◆ **EXERCISE REQUIREMENTS**: Could you set down every record exactly as it appears?
[[ GIVEN DATA, beginning ]]
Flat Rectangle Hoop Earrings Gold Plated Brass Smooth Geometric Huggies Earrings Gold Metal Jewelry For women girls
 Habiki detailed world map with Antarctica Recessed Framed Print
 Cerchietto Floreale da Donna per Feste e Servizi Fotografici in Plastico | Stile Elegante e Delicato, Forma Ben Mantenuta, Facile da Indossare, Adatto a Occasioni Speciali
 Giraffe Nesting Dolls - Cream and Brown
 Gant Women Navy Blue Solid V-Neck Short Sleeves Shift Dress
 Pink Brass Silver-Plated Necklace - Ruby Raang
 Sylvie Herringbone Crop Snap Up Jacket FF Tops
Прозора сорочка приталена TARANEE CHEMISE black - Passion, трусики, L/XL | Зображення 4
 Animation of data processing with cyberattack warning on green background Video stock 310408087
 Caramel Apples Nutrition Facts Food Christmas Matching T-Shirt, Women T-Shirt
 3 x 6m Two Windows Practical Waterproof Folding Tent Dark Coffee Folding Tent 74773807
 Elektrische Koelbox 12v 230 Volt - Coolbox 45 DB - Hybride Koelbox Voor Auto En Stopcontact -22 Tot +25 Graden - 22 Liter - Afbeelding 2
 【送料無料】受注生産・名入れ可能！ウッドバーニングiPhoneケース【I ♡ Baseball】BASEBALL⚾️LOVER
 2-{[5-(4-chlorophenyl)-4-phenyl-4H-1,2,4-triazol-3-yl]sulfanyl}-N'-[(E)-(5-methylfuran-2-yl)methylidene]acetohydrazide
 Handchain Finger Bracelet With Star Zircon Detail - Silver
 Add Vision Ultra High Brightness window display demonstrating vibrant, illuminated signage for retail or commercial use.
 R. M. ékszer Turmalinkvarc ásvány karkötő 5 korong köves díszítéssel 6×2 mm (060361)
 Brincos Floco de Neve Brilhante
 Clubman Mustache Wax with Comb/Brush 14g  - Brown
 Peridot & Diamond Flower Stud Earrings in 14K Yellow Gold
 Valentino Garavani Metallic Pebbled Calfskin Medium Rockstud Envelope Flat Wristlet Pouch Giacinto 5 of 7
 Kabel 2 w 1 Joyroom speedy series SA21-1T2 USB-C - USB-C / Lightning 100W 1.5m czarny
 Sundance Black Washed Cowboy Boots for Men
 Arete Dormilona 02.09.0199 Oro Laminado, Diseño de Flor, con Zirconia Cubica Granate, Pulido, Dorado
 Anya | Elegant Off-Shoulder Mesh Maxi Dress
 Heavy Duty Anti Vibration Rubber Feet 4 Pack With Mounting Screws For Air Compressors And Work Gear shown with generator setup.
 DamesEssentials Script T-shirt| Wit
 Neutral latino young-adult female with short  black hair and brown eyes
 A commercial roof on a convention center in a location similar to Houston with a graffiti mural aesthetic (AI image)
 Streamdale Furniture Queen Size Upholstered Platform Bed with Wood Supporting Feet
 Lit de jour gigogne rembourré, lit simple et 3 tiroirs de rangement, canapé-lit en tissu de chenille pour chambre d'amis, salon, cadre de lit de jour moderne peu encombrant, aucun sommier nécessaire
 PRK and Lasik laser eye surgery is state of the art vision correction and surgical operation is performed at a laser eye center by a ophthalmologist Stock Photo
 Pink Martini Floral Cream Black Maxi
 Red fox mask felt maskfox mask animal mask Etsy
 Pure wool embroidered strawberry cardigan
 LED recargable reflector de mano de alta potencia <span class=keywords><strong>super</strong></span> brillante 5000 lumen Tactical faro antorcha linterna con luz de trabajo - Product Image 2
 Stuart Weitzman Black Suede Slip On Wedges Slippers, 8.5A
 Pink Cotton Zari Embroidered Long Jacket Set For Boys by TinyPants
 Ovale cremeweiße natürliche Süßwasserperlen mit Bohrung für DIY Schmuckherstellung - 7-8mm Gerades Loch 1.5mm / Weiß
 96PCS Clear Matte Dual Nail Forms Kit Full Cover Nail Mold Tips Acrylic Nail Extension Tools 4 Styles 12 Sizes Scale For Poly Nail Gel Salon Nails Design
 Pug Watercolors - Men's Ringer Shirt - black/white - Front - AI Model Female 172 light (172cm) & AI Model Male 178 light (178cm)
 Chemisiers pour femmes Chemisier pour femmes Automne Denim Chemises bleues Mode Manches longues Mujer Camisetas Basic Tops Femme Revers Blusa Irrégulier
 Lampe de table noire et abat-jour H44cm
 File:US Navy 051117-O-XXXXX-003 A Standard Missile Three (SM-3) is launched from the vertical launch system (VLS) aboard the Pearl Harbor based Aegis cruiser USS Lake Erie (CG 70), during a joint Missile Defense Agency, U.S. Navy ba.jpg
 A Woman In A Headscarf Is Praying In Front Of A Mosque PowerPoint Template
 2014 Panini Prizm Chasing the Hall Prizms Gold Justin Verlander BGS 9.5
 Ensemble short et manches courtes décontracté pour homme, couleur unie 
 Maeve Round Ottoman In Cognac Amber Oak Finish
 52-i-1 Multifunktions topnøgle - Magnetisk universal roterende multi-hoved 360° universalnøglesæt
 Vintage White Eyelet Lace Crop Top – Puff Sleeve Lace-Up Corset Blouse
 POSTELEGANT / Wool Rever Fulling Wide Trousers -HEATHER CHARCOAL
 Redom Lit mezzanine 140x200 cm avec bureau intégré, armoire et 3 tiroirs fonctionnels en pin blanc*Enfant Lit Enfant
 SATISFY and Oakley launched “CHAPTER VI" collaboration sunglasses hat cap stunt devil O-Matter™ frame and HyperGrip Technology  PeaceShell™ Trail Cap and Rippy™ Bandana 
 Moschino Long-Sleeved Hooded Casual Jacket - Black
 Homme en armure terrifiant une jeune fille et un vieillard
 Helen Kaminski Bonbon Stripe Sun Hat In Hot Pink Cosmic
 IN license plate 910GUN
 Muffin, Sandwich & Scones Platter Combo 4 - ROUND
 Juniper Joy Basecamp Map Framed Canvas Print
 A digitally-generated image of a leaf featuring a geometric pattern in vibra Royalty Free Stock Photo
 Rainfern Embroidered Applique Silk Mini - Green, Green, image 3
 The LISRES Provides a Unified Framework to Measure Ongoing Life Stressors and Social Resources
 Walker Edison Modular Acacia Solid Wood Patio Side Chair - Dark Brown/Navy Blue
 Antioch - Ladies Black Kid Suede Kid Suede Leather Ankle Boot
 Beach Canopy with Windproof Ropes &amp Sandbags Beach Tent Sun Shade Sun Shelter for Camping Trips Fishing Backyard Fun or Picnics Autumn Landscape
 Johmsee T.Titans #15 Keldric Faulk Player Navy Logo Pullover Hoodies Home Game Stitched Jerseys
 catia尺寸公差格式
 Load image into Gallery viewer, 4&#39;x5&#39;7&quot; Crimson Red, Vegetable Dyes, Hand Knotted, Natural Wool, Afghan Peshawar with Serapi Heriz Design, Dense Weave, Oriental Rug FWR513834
[[ GIVEN DATA, end ]]
◆ **EXERCISE SOLUTION**:
Flat Rectangle Hoop Earrings Gold Plated Brass Smooth Geometric Huggies Earrings Gold Metal Jewelry For women girls
 Habiki detailed world map with Antarctica Recessed Framed Print
 Cerchietto Floreale da Donna per Feste e Servizi Fotografici in Plastico | Stile Elegante e Delicato, Forma Ben Mantenuta, Facile da Indossare, Adatto a Occasioni Speciali
 Giraffe Nesting Dolls - Cream and Brown
 Gant Women Navy Blue Solid V-Neck Short Sleeves Shift Dress
 Pink Brass Silver-Plated Necklace - Ruby Raang
 Sylvie Herringbone Crop Snap Up Jacket FF Tops
Прозора сорочка приталена TARANEE CHEMISE black - Passion, трусики, L/XL | Зображення 4
 Animation of data processing with cyberattack warning on green background Video stock 310408087
 Caramel Apples Nutrition Facts Food Christmas Matching T-Shirt, Women T-Shirt
 3 x 6m Two Windows Practical Waterproof Folding Tent Dark Coffee Folding Tent 74773807
 Elektrische Koelbox 12v 230 Volt - Coolbox 45 DB - Hybride Koelbox Voor Auto En Stopcontact -22 Tot +25 Graden - 22 Liter - Afbeelding 2
 【送料無料】受注生産・名入れ可能！ウッドバーニングiPhoneケース【I ♡ Baseball】BASEBALL⚾️LOVER
 2-{[5-(4-chlorophenyl)-4-phenyl-4H-1,2,4-triazol-3-yl]sulfanyl}-N'-[(E)-(5-methylfuran-2-yl)methylidene]acetohydrazide
 Handchain Finger Bracelet With Star Zircon Detail - Silver
 Add Vision Ultra High Brightness window display demonstrating vibrant, illuminated signage for retail or commercial use.
 R. M. ékszer Turmalinkvarc ásvány karkötő 5 korong köves díszítéssel 6×2 mm (060361)
 Brincos Floco de Neve Brilhante
 Clubman Mustache Wax with Comb/Brush 14g  - Brown
 Peridot & Diamond Flower Stud Earrings in 14K Yellow Gold
 Valentino Garavani Metallic Pebbled Calfskin Medium Rockstud Envelope Flat Wristlet Pouch Giacinto 5 of 7
 Kabel 2 w 1 Joyroom speedy series SA21-1T2 USB-C - USB-C / Lightning 100W 1.5m czarny
 Sundance Black Washed Cowboy Boots for Men
 Arete Dormilona 02.09.0199 Oro Laminado, Diseño de Flor, con Zirconia Cubica Granate, Pulido, Dorado
 Anya | Elegant Off-Shoulder Mesh Maxi Dress
 Heavy Duty Anti Vibration Rubber Feet 4 Pack With Mounting Screws For Air Compressors And Work Gear shown with generator setup.
 DamesEssentials Script T-shirt| Wit
 Neutral latino young-adult female with short  black hair and brown eyes
 A commercial roof on a convention center in a location similar to Houston with a graffiti mural aesthetic (AI image)
 Streamdale Furniture Queen Size Upholstered Platform Bed with Wood Supporting Feet
 Lit de jour gigogne rembourré, lit simple et 3 tiroirs de rangement, canapé-lit en tissu de chenille pour chambre d'amis, salon, cadre de lit de jour moderne peu encombrant, aucun sommier nécessaire
 PRK and Lasik laser eye surgery is state of the art vision correction and surgical operation is performed at a laser eye center by a ophthalmologist Stock Photo
 Pink Martini Floral Cream Black Maxi
 Red fox mask felt maskfox mask animal mask Etsy
 Pure wool embroidered strawberry cardigan
 LED recargable reflector de mano de alta potencia <span class=keywords><strong>super</strong></span> brillante 5000 lumen Tactical faro antorcha linterna con luz de trabajo - Product Image 2
 Stuart Weitzman Black Suede Slip On Wedges Slippers, 8.5A
 Pink Cotton Zari Embroidered Long Jacket Set For Boys by TinyPants
 Ovale cremeweiße natürliche Süßwasserperlen mit Bohrung für DIY Schmuckherstellung - 7-8mm Gerades Loch 1.5mm / Weiß
 96PCS Clear Matte Dual Nail Forms Kit Full Cover Nail Mold Tips Acrylic Nail Extension Tools 4 Styles 12 Sizes Scale For Poly Nail Gel Salon Nails Design
 Pug Watercolors - Men's Ringer Shirt - black/white - Front - AI Model Female 172 light (172cm) & AI Model Male 178 light (178cm)
 Chemisiers pour femmes Chemisier pour femmes Automne Denim Chemises bleues Mode Manches longues Mujer Camisetas Basic Tops Femme Revers Blusa Irrégulier
 Lampe de table noire et abat-jour H44cm
 File:US Navy 051117-O-XXXXX-003 A Standard Missile Three (SM-3) is launched from the vertical launch system (VLS) aboard the Pearl Harbor based Aegis cruiser USS Lake Erie (CG 70), during a joint Missile Defense Agency, U.S. Navy ba.jpg
 A Woman In A Headscarf Is Praying In Front Of A Mosque PowerPoint Template
 2014 Panini Prizm Chasing the Hall Prizms Gold Justin Verlander BGS 9.5
 Ensemble short et manches courtes décontracté pour homme, couleur unie 
 Maeve Round Ottoman In Cognac Amber Oak Finish
 52-i-1 Multifunktions topnøgle - Magnetisk universal roterende multi-hoved 360° universalnøglesæt
 Vintage White Eyelet Lace Crop Top – Puff Sleeve Lace-Up Corset Blouse
 POSTELEGANT / Wool Rever Fulling Wide Trousers -HEATHER CHARCOAL
 Redom Lit mezzanine 140x200 cm avec bureau intégré, armoire et 3 tiroirs fonctionnels en pin blanc*Enfant Lit Enfant
 SATISFY and Oakley launched “CHAPTER VI" collaboration sunglasses hat cap stunt devil O-Matter™ frame and HyperGrip Technology  PeaceShell™ Trail Cap and Rippy™ Bandana 
 Moschino Long-Sleeved Hooded Casual Jacket - Black
 Homme en armure terrifiant une jeune fille et un vieillard
 Helen Kaminski Bonbon Stripe Sun Hat In Hot Pink Cosmic
 IN license plate 910GUN
 Muffin, Sandwich & Scones Platter Combo 4 - ROUND
 Juniper Joy Basecamp Map Framed Canvas Print
 A digitally-generated image of a leaf featuring a geometric pattern in vibra Royalty Free Stock Photo
 Rainfern Embroidered Applique Silk Mini - Green, Green, image 3
 The LISRES Provides a Unified Framework to Measure Ongoing Life Stressors and Social Resources
 Walker Edison Modular Acacia Solid Wood Patio Side Chair - Dark Brown/Navy Blue
 Antioch - Ladies Black Kid Suede Kid Suede Leather Ankle Boot
 Beach Canopy with Windproof Ropes &amp Sandbags Beach Tent Sun Shade Sun Shelter for Camping Trips Fishing Backyard Fun or Picnics Autumn Landscape
 Johmsee T.Titans #15 Keldric Faulk Player Navy Logo Pullover Hoodies Home Game Stitched Jerseys
 catia尺寸公差格式
 Load image into Gallery viewer, 4&#39;x5&#39;7&quot; Crimson Red, Vegetable Dyes, Hand Knotted, Natural Wool, Afghan Peshawar with Serapi Heriz Design, Dense Weave, Oriental Rug FWR513834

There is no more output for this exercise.